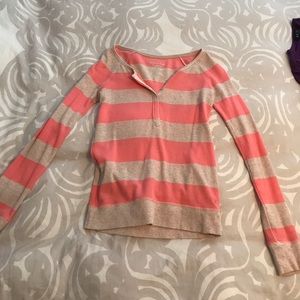 Pink/tan long sleeve top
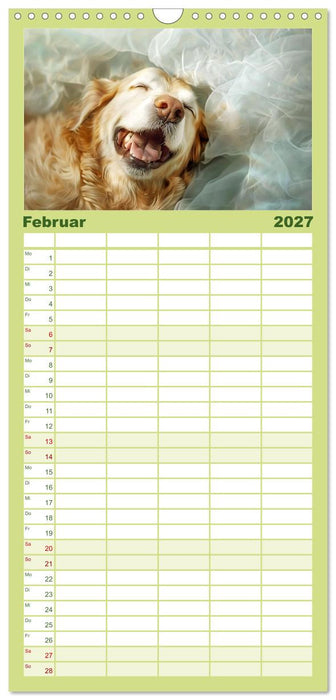 Lächelnde Hunde sind wie Sonnenschein auf vier Pfoten (CALVENDO Familienplaner 2027)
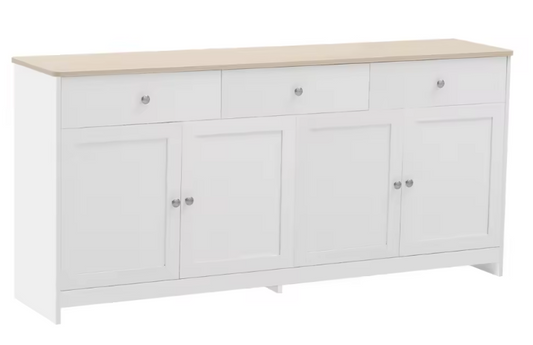 Buffetkast met 4 Deuren en 3 Lades – Houten Dressoir 160x37x75 cm
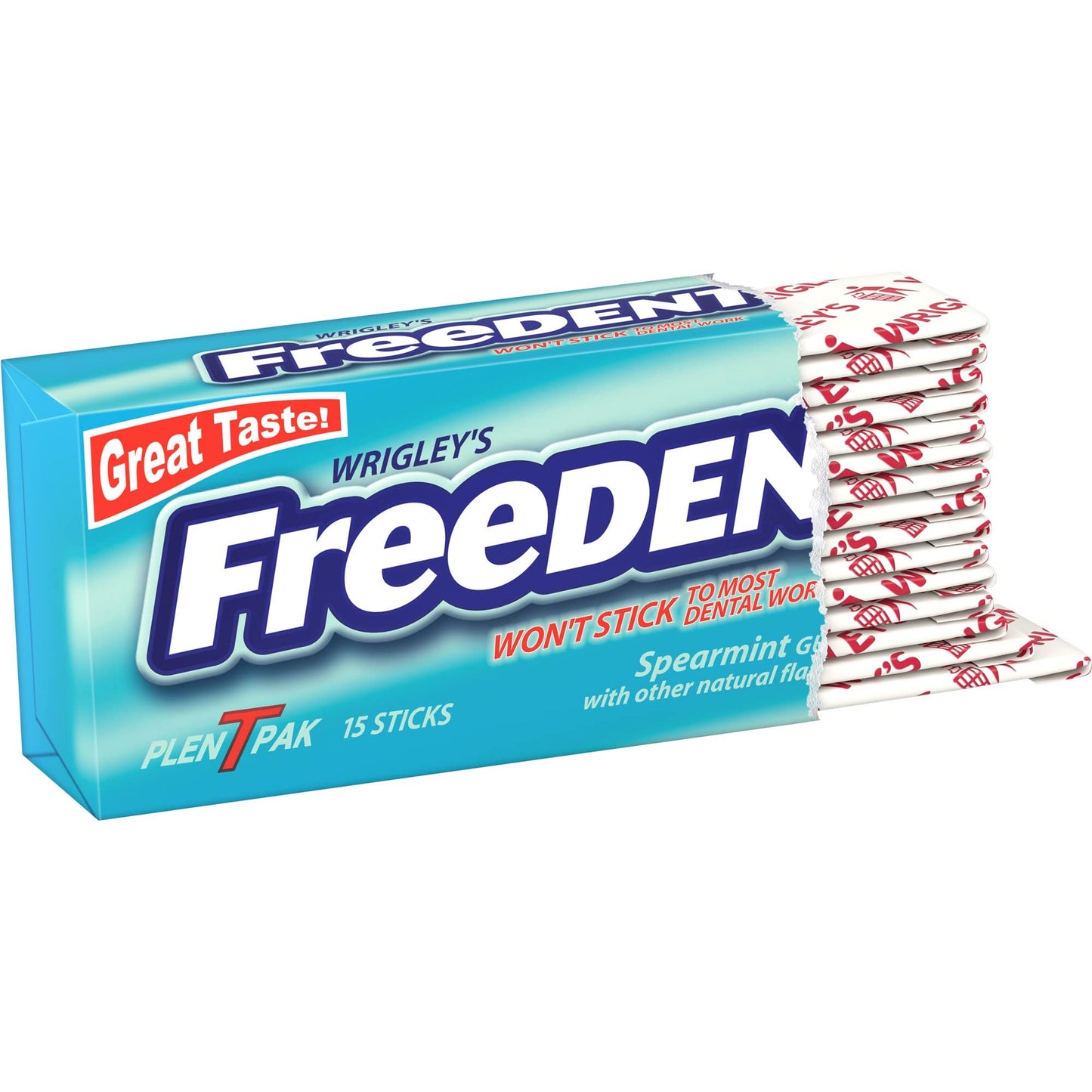 Freedent Gum Plen T Packs, Spearmint Flavor, 15 Count (Pack of 8)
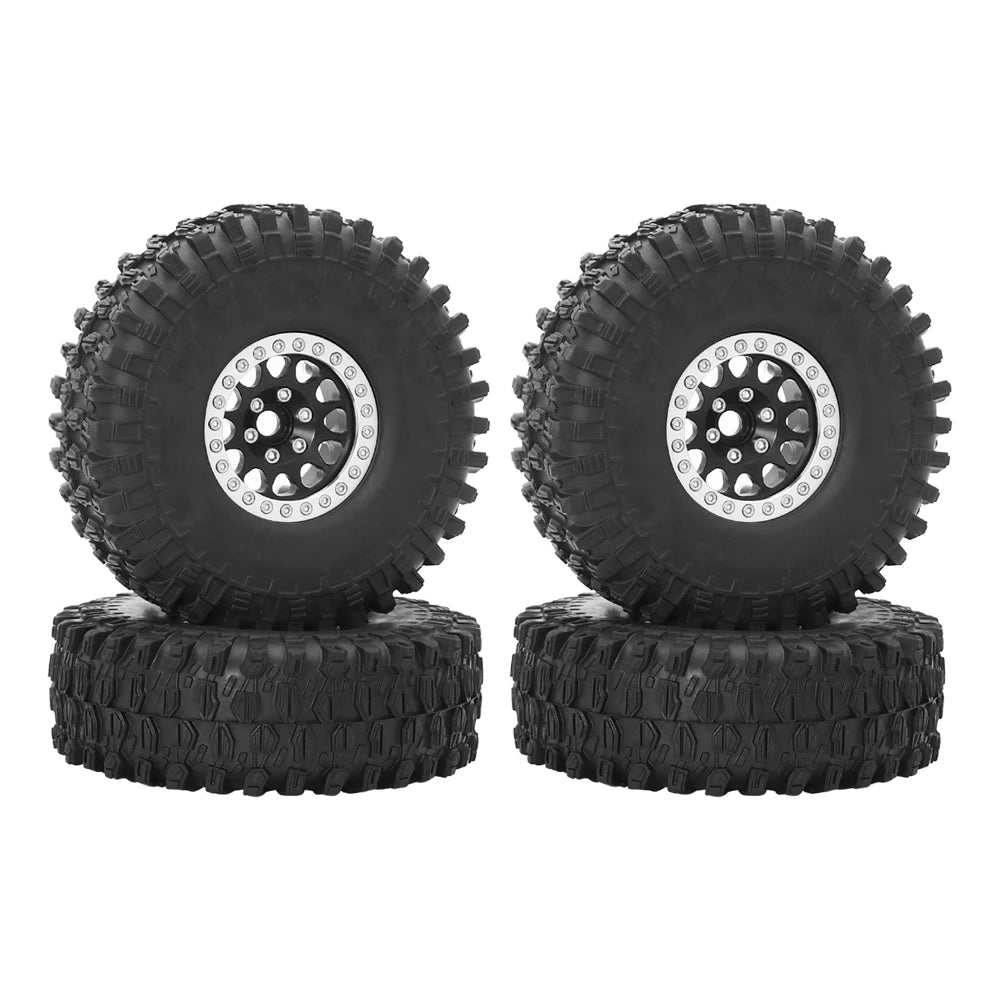 Set 4PCS Metal 1.9" Beadlock Wheel Rim Tires – RC Crawler 1/10 Axial SCX10 III, TRX-4, Redcat GEN 8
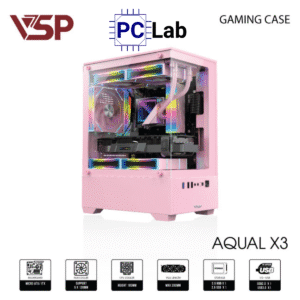Vỏ case PC máy tính VSP Aqual X3 (M-ATX, Mid Tower, Trắng/Đen/Hồng)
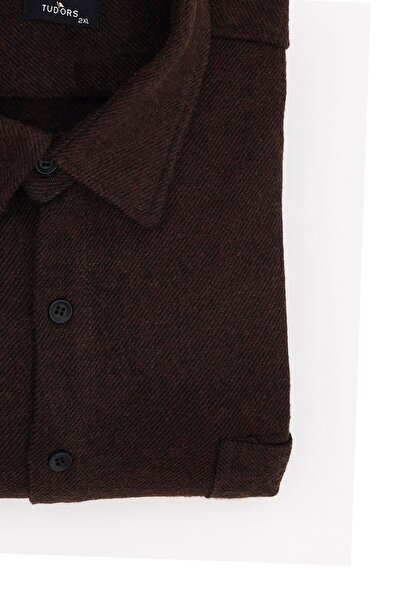 Tudors Ανδρικό χειμωνιάτικο πουκάμισο μεγάλου μεγέθους Ξυλοκόπος μονής τσέπης καφέ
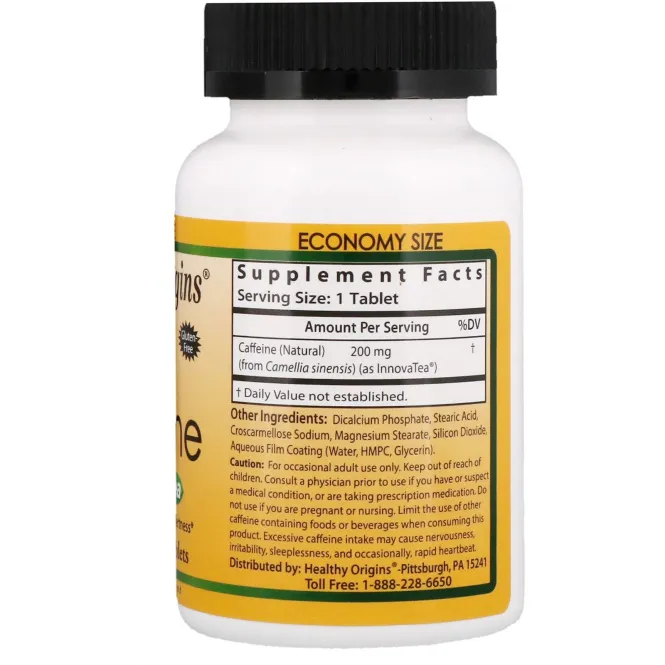 Healthy Origins, Натуральный кофеин, содержит InnovaTea, 200 мг , 240 таблеток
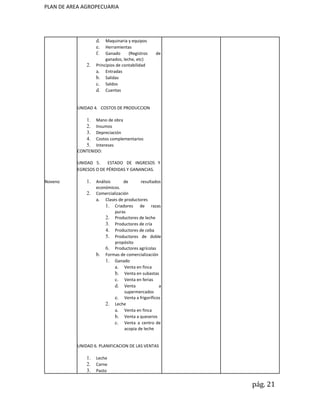 PLAN DE AREA AGROPECUARIA
Noveno
d. Maquinaria y equipos
e. Herramientas
f. Ganado (Registros de
ganados, leche, etc)
2. Principios de contabilidad
a. Entradas
b. Salidas
c. Saldos
d. Cuentas
UNIDAD 4. COSTOS DE PRODUCCION
1. Mano de obra
2. Insumos
3. Depreciación
4. Costos complementarios
5. Intereses
CONTENIDO:
UNIDAD 5. ESTADO DE INGRESOS Y
EGRESOS O DE PÉRDIDAS Y GANANCIAS.
1. Análisis de resultados
económicos.
2. Comercialización
a. Clases de productores
1. Criadores de razas
puras
2. Productores de leche
3. Productores de cría
4. Productores de ceba
5. Productores de doble
propósito
6. Productores agrícolas
b. Formas de comercialización
1. Ganado
a. Venta en finca
b. Venta en subastas
c. Venta en ferias
d. Venta a
supermercados
e. Venta a frigoríficos
2. Leche
a. Venta en finca
b. Venta a queseros
c. Venta a centro de
acopia de leche
UNIDAD 6. PLANIFICACION DE LAS VENTAS
1. Leche
2. Carne
3. Pasto
pág. 21
 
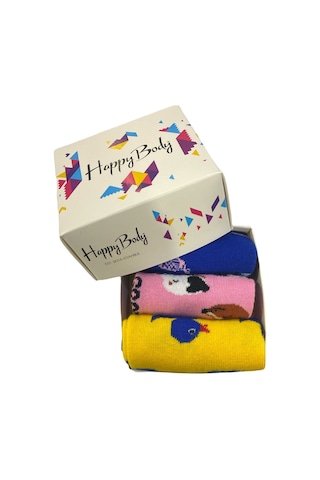 Happy Body 3 Çift Unisex Penye Özel Kutulu Neon ART.10286 1.ROYAL MAVİ-1.PEMBE-1.SARI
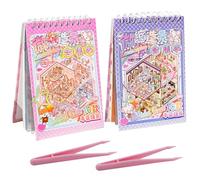 Aihoom 2 Pièces 3D Autocollants de Scène, Autocollants Décoratifs, 3D House Stickers, Style Cartoon et Finition en Relief, Miniature Autocollants 3D pour Adultes, Enfants (Rose et Violette)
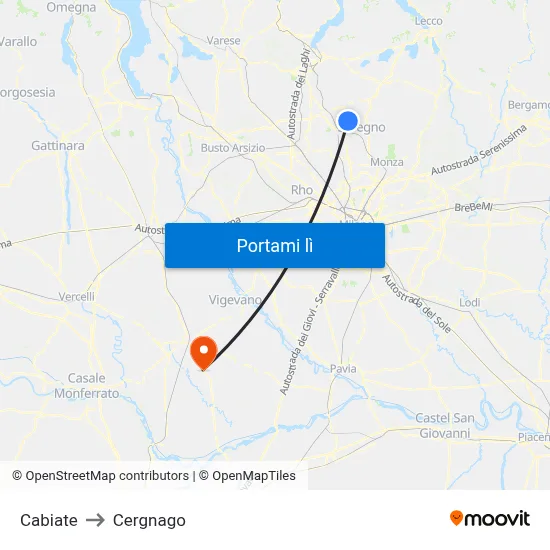 Cabiate to Cergnago map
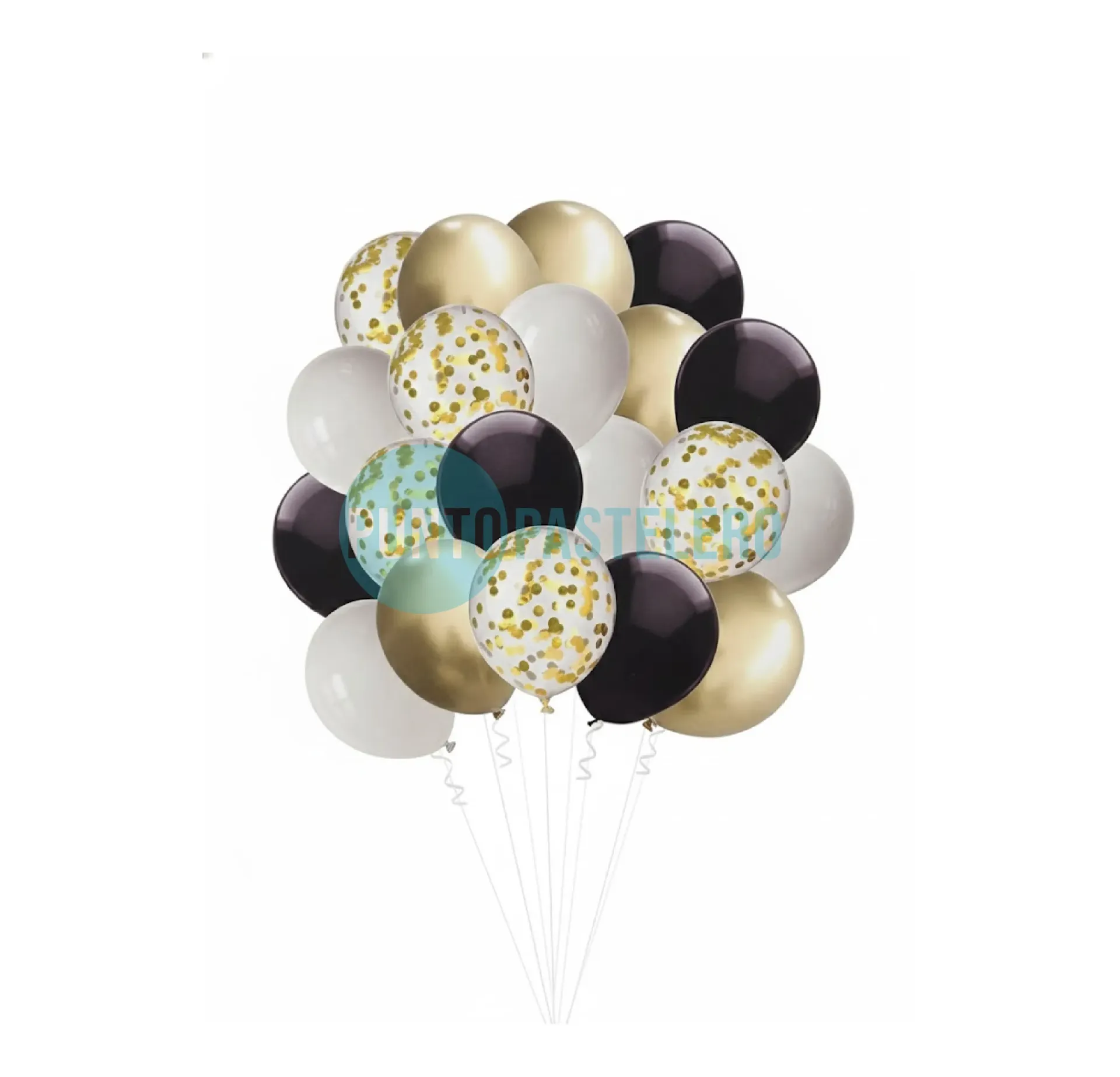 SET DE GLOBOS CONFETTI Y STANDARD BLANCO - NEGRO - DORADO (52 PZ)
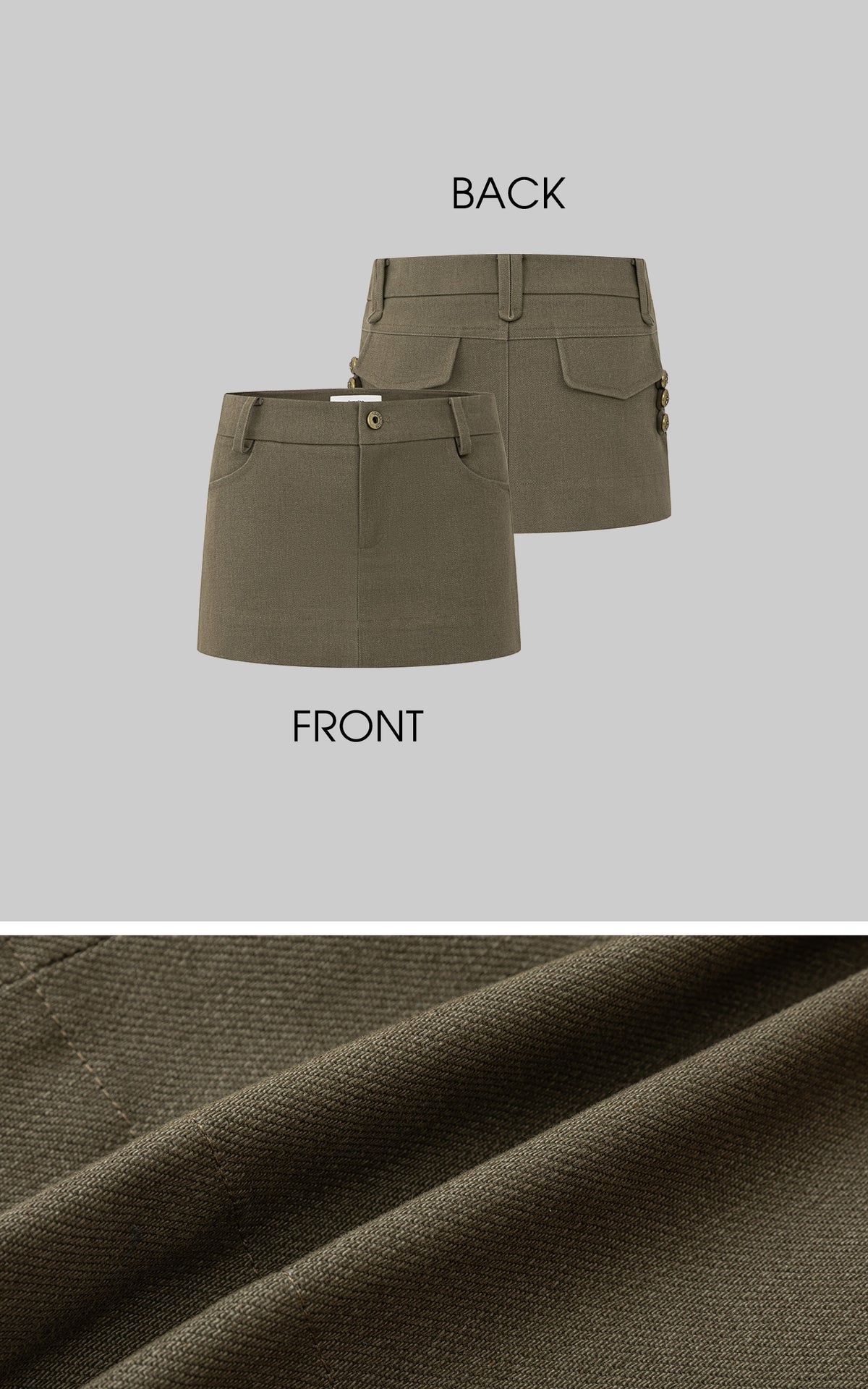 IAMXIAA Military Button Low-Rise Mini Skirt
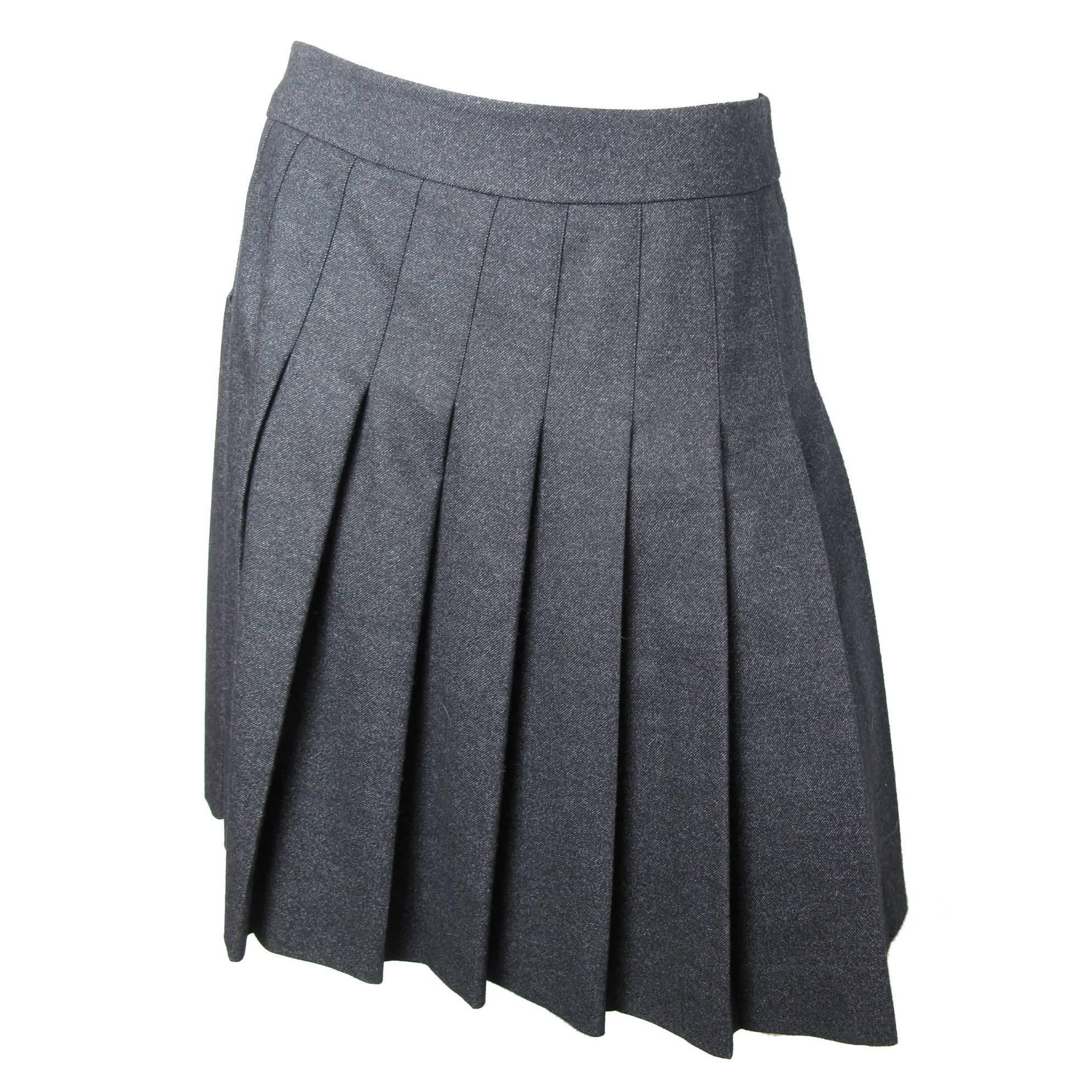 Chanel Charcoal Wool Pleated Skirt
****************************************
Assigned task » Starting at the line that holds "e. Venta a frigoríficos", copy each line exactly through the end of the listing, both ends included. Leave the pictures out.

Answer for the task »
e. Venta a frigoríficos
2. Leche
a. Venta en finca
b. Venta a queseros
c. Venta a centro de
acopia de leche
UNIDAD 6. PLANIFICACION DE LAS VENTAS
1. Leche
2. Carne
3. Pasto
pág. 21
 
 Happy Body 3 Çift Unisex Penye Özel Kutulu Neon ART.10286 1.ROYAL MAVİ-1.PEMBE-1.SARI
 Aihoom 2 Pièces 3D Autocollants de Scène, Autocollants Décoratifs, 3D House Stickers, Style Cartoon et Finition en Relief, Miniature Autocollants 3D pour Adultes, Enfants (Rose et Violette)
 Cabiate to Cergnago map
 SET DE GLOBOS CONFETTI Y STANDARD BLANCO - NEGRO - DORADO (52 PZ)
 IAMXIAA Military Button Low-Rise Mini Skirt
 Chanel Charcoal Wool Pleated Skirt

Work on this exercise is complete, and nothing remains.